When the men and women of our armed forces come home from service, they frequently suffer from emotional, physical, and mental hardships. While healthcare for veterans is an ongoing dialogue, relatively little attention has been paid to the most prevalent disabilities diagnosed in veterans: Tinnitus and hearing loss.
Veterans are 30% more likely than civilians to suffer from severe hearing impairment, even when age and occupation are taken into account. Hearing loss, related to military service, has been reported at least back to World War 2, but it’s much more prevalent in veterans who have served more recently. Recent veterans, who are also, on average, among the youngest former service members, are four times more likely than non-veterans to endure severe hearing impairment.
Why is The Risk of Hearing Impairment Greater For Service Personnel?
The answer is simple: Exposure to noise. Some professions are clearly noisier than others. For example, a librarian will be working in a rather quiet setting.
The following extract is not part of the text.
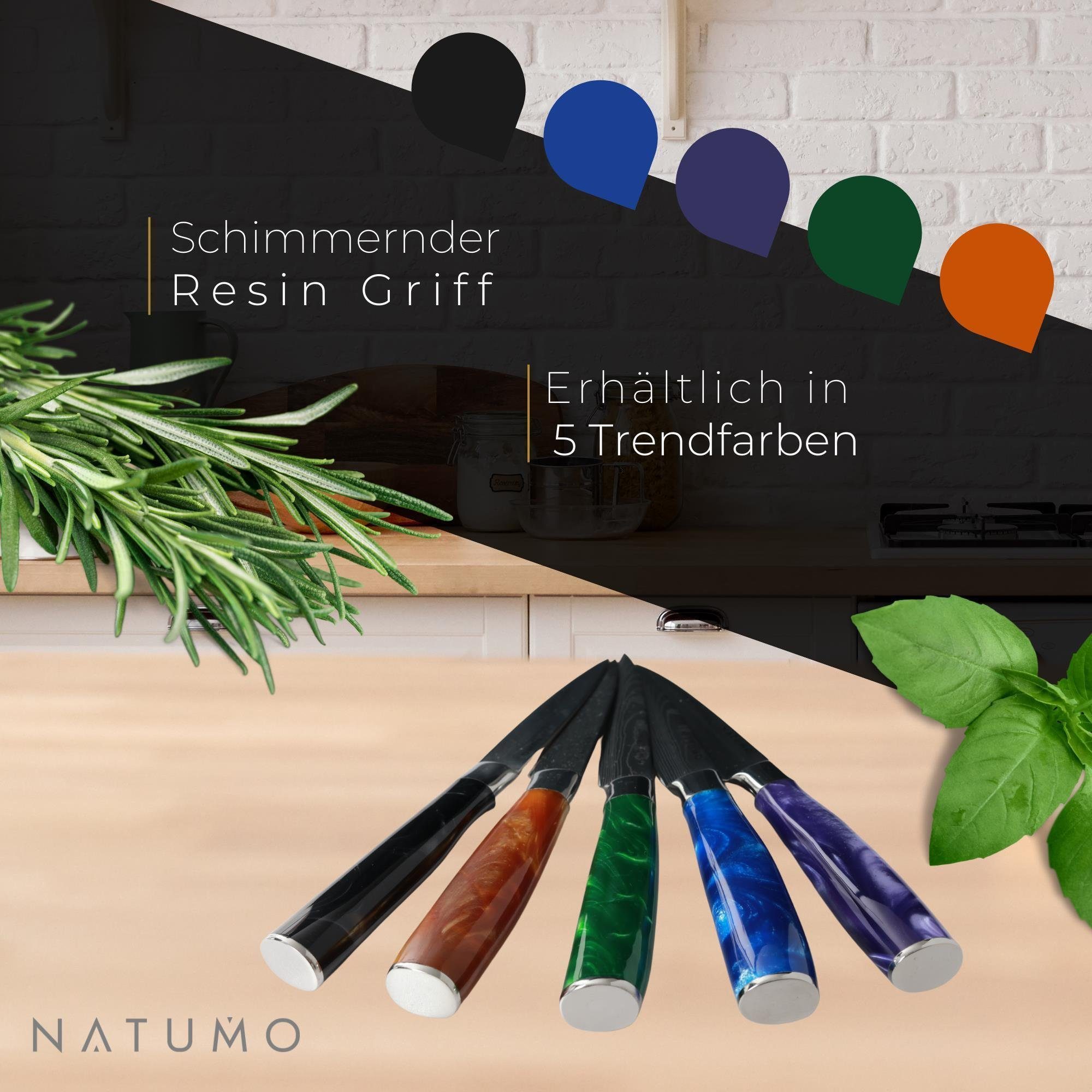 natumo Allzweckmesser NATUMO Küchenmesser Lila Profi Messerset 9-teilig. in scharfes Set HRC 56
Thet would likely be exposed to decibel levels ranging from a whisper (around 30 dB) to standard conversation (60 dB).
At the other end of the sonic spectrum, for civilians at least, let’s say you’re a construction worker, and you work on a job site that’s in the city. Background noises you would periodically hear, like the siren of an emergency vehicle (120dB), or constantly, like heavy city traffic, are hazardous to your hearing. Research has shown that construction equipment noise, everything from power tools to heavy loaders, exposes laborers to sounds louder than 85 dB.
Construction sites are undoubtedly loud, but individuals in the military are constantly exposed to noise that is a lot louder. In combat scenarios, troops are subjected to gunfire (150 dB), grenades (158 dB), and heavy artillery (180 dB). But military bases, whether overseas or at home, are none too quiet either. Indoor engine rooms are really loud and the deck of an aircraft carrier can be as loud as 130 – 160 dB. Noise levels for pilots are high as well, with choppers on the low end (about 95-100 dB) and most jets and other aircraft going over 100 dB. Another concern: One study revealed that exposure to some kinds of jet fuel appears to cause hearing impairment by disrupting auditory processing.
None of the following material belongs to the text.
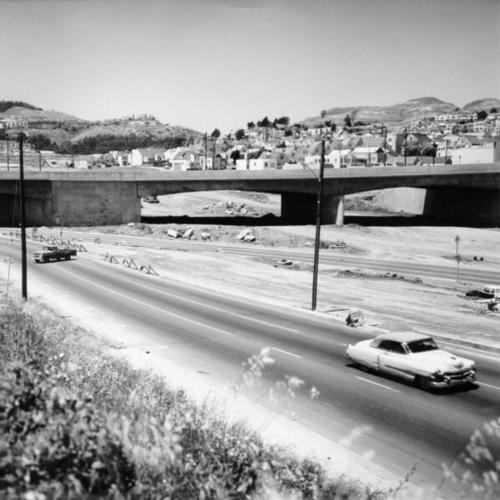 [Alemany Boulevard at Mission Street viaduct looking NW, 1963]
Our service men and women don’t have the choice of opting out, as a 2015 study plainly demonstrates. They need to deal with noise exposure in order to accomplish missions and even day-to-day activities. And even the best performing, standard issue, hearing protection frequently isn’t enough to protect against some of these noises.
What Can Veterans do to Treat Hearing Loss?
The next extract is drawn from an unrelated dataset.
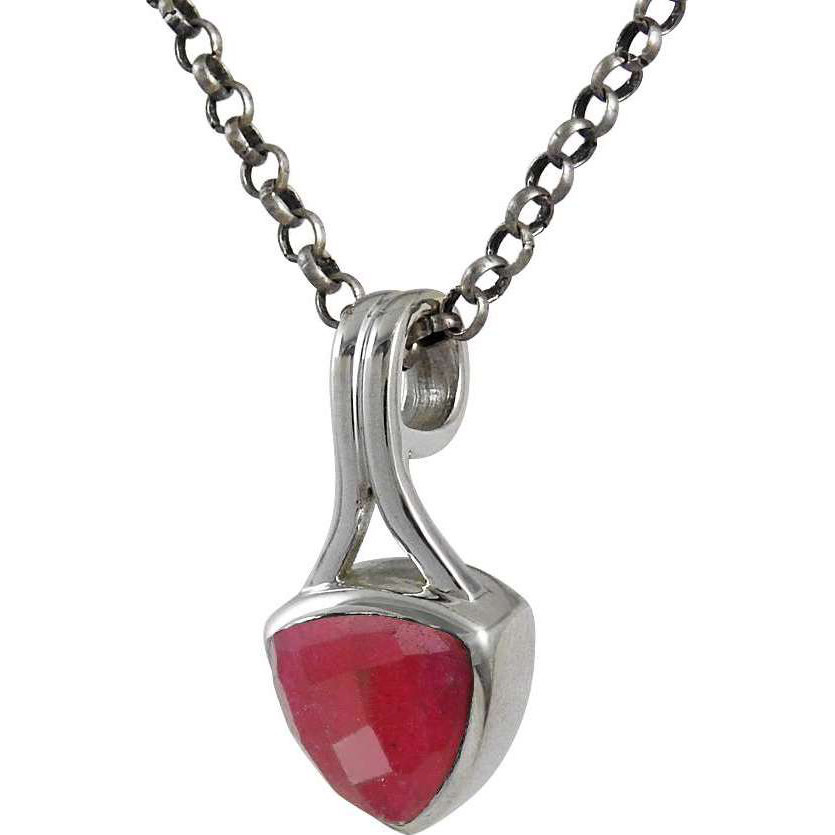 Exquisite ! Ruby Gemstone Silver Jewelry Pendant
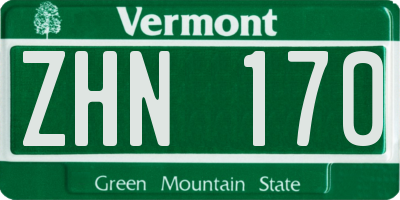 VT license plate ZHN170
Noise related hearing loss can be reduced with hearing aids even though it can’t be cured. The most common kind of hearing loss amongst veterans is a decreased ability to hear high-pitch sounds, but this kind of hearing impairment can be remedied with specialized hearing aids. Tinnitus can’t be cured, but as it’s frequently a symptom of another issue, treatment solutions are also available.
In serving our country, veterans have already made many sacrifices. They shouldn’t have to sacrifice their hearing too.